We propose an exploration method which is suitable for lightweight, low-cost monocular cameras. Our visual navigation method is based on large-scale direct SLAM which recovers semi-dense reconstructions. We take special care of the semi-dense information and its measurement process for obstacle mapping and exploration.
Iii Autonomous Quadrocopter Navigation Using Monocular Lsd-Slam
We build on the TUM ARDrone package by Engel et al.  which has been originally developed for the Parrot ARDrone 2.0. We transferred the software to the Parrot Bebop platform which comes with similar sensory equipment and onboard control. The Parrot Bebop is equipped with an IMU built from 3-axis magnetometer, gyroscope, and accelerometer. It measures height using an ultrasonic sensor, an air pressure sensor and a vertical camera, similar to the Parrot ARDrone 2.0. The MAV is equipped with a fisheye camera with wide 186 field-of-view. The camera provides images at 30 frames per second. A horizontally stabilized region-of-interest is automatically extracted in software on the main processing unit of the MAV, and can be transmitted via wireless communication with the attitude measurements.

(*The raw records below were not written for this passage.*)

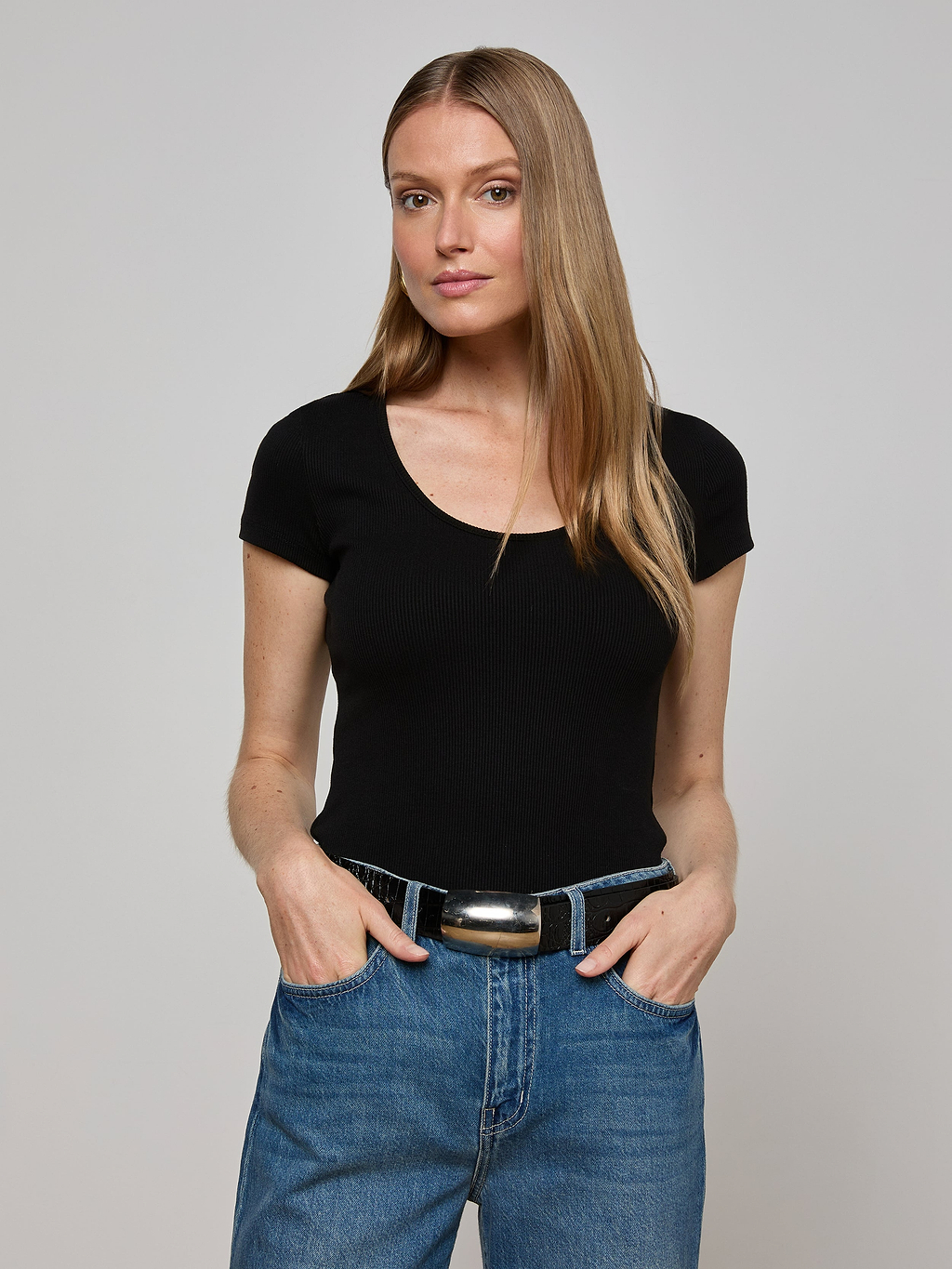 Brynlee Scoopneck Tee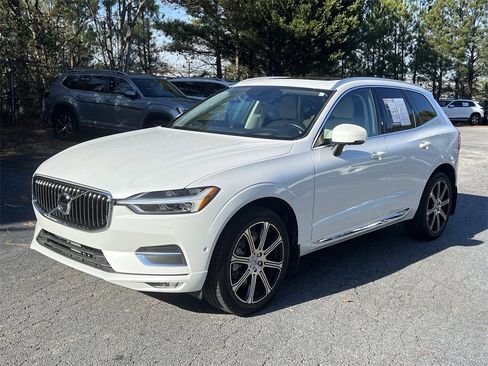 Used 2018 Volvo XC60 T6 Inscription w/ Convenience Package image 3
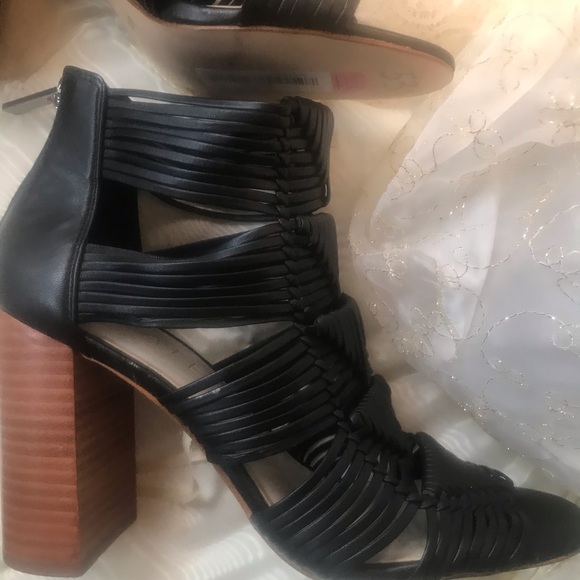 BRAND NEW: 1.STATE 4” BLACK STRAPPY DESIGNER HEELS - Picture 3 of 8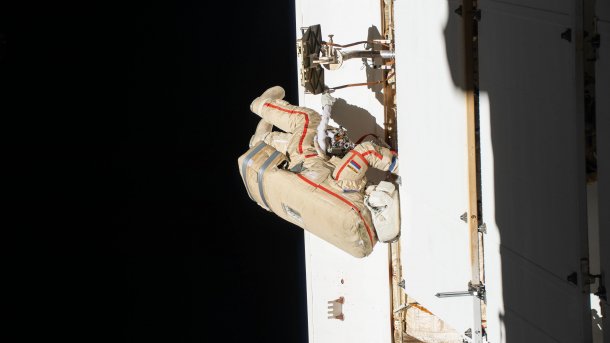 Mann in Raumanzug an der Raumstation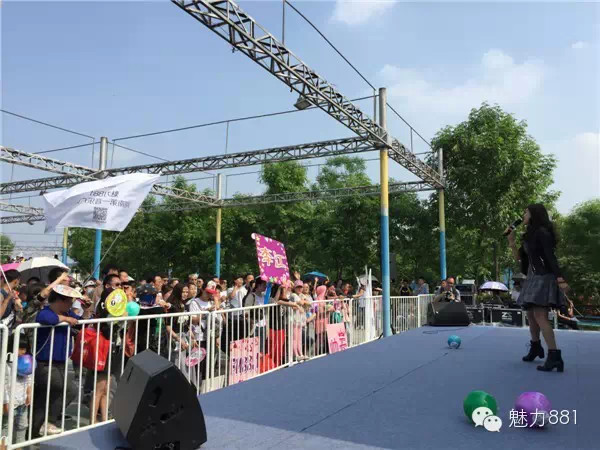 輕輕躍起、優(yōu)美身段，新聞小姐李江
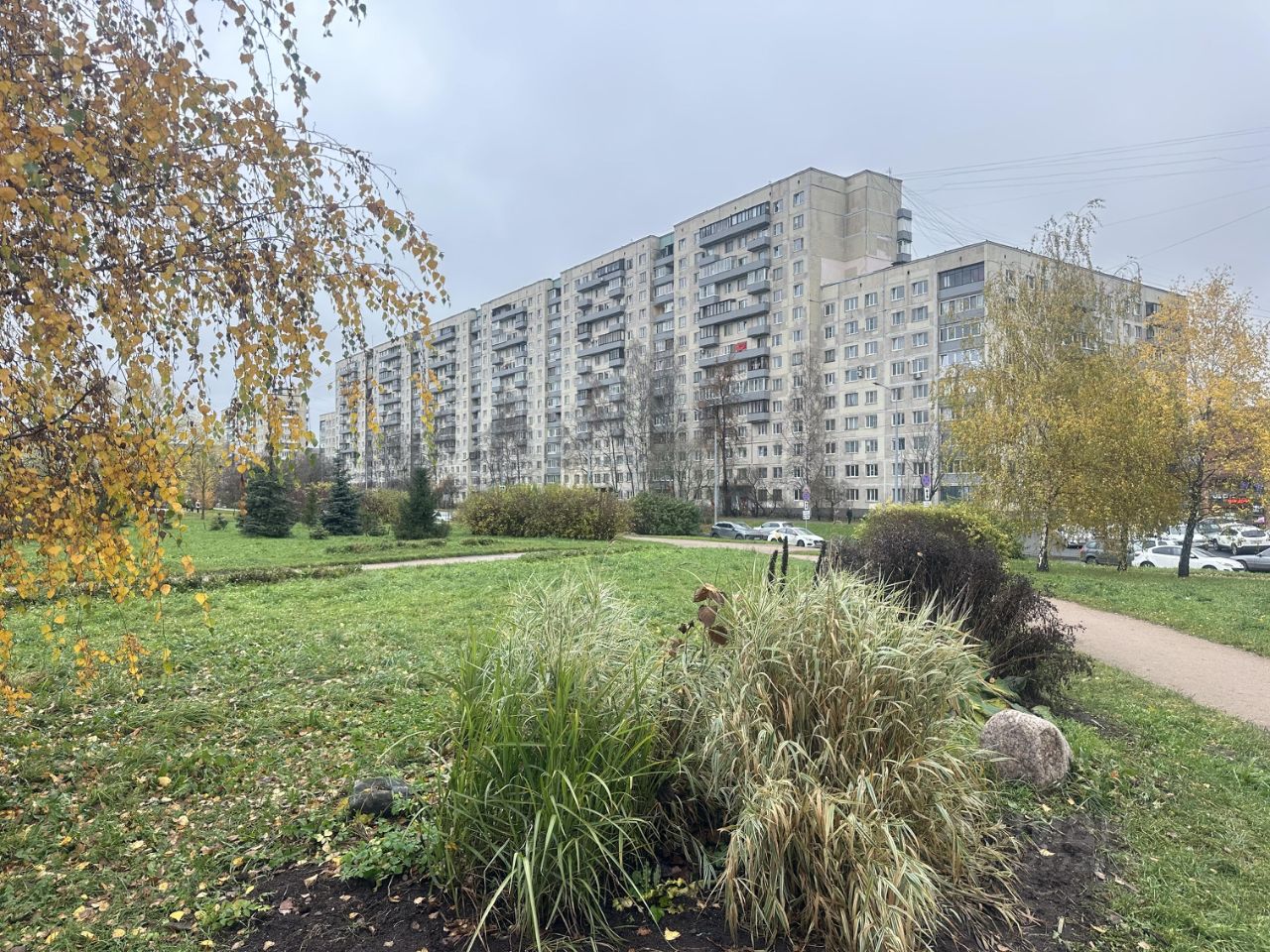 Продажа 3-комн квартиры на вторичном рынке улица Ивана Фомина, 13К1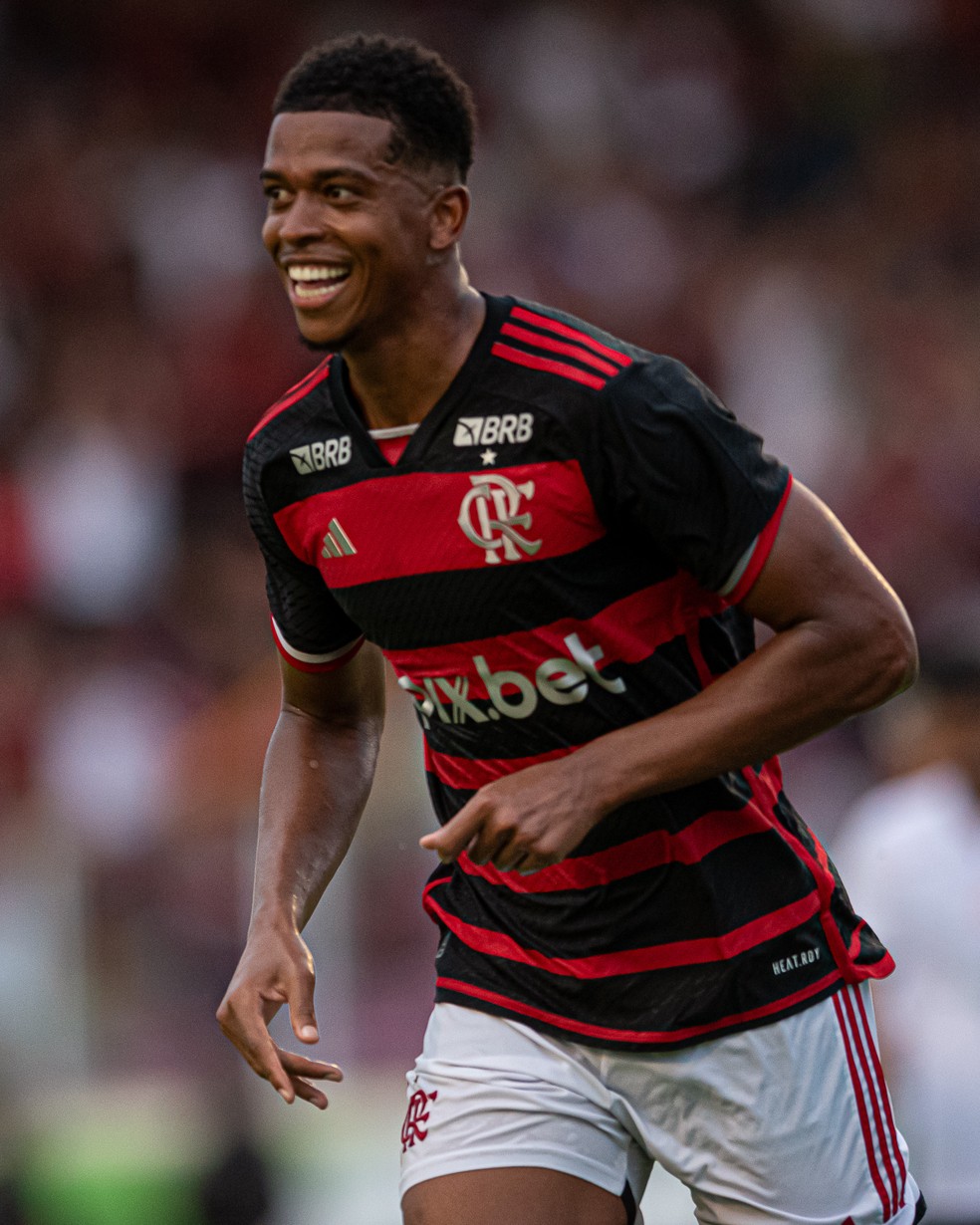 Patrocínios da camisa do Flamengo — Foto: Paula Reis / Flamengo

Iii-1 State Estimation and Control
The visual navigation system proposed in 
integrates visual motion estimates from a monocular SLAM system with the attitude measurements from the MAV. It filters both kinds of messages using a loosely-coupled Extended Kalman filtering (EKF) approach. Since the attitude measurements and control commands are transmitted via wireless communication, they are affected by a time delay that needs to be compensated using the EKF framework. Waypoint control of the MAV is achieved using PID control based on the EKF state estimate. In monocular SLAM, the metric scale of motion and reconstruction estimates are not observable. We probabilistically fuse ultrasonic and air pressure measurements and adapt the scale of the SLAM motion estimate to the observed metric scale.
Iii-2 Vision-Based Navigation Using Monocular LSD-SLAM
LSD-SLAM  is a keyframe based SLAM approach. It maintains and optimizes the view poses of a subset of images, i.e. keyframes, extracted along the camera trajectory. In order to estimate the camera trajectory, it tracks camera motion towards a reference keyframe through direct image alignment. This requires depth in either of the images, which we estimate from stereo correspondences between the two images within the reference keyframe. The poses of the keyframes are made globally consistent by mutual direct image alignment and pose graph optimization.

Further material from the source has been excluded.